The hidden costs are profound. A Harvard Business Review article by Courtney McCluney and colleagues describes code-switching as a “survival strategy” that demands constant cognitive effort, often leading to burnout, lower job satisfaction, and stalled career advancement. Other research in the Academy of Management Review has shown that masking or suppressing one’s identity at work can lead to emotional exhaustion and discourage innovation. More importantly, these patterns reveal a deeper issue: workplaces, despite good intentions, are still built around narrow definitions of “professionalism” that privilege some identities over others.
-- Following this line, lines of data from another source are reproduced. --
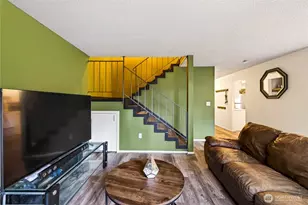 111 NW Columbia Dr, Oak Harbor, WA 98277 - Photo 6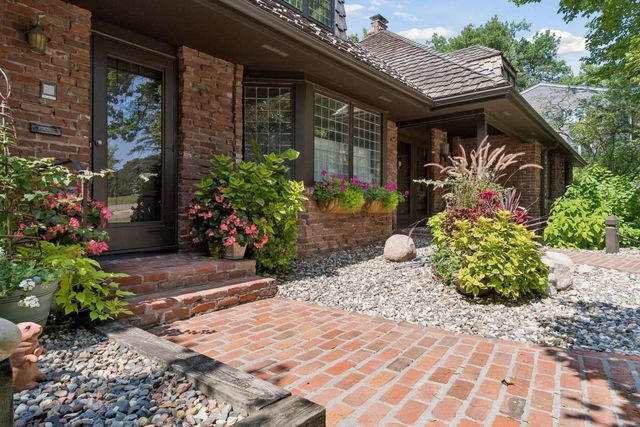 101 Ardmore Drive, Golden Valley, MN 55422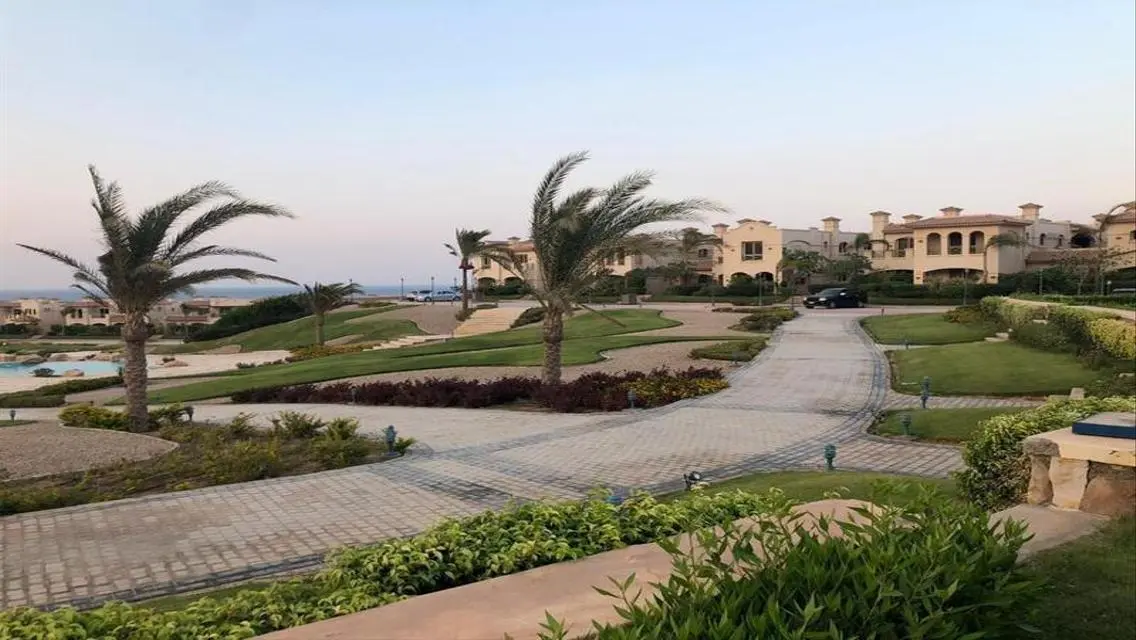 Luxury Villa Overlooking Lakes in La Vista 6, Sokhna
Meanwhile, a 2025 study in the SA Journal of Industrial Psychology reveals that job insecurity drives employees to adopt “facades of conformity,” which mediates rises in emotional exhaustion and disengagement. This research also suggests masking might momentarily ease strain, but only when the environment supports psychological safety; otherwise, it deepens stress. What truly matters is that these combined findings underscore a pattern: workplaces, despite good intentions, still embed narrow definitions of “professionalism” that privilege some identities over others.
So what does authentic leadership look like in this context? It’s not about asking individuals to “be braver” or to “show up more fully.” It’s about building workplace cultures where safety and belonging aren’t negotiable. Leaders need to expand the frame of what professionalism looks like, value different forms of expression, and create environments where no one feels their career depends on shrinking themselves.
Authenticity isn’t about bringing all of yourself into the room; it’s about not being forced to leave essential parts behind.
That raises the deeper question: What would it take for authenticity at work to be a right, not a risk?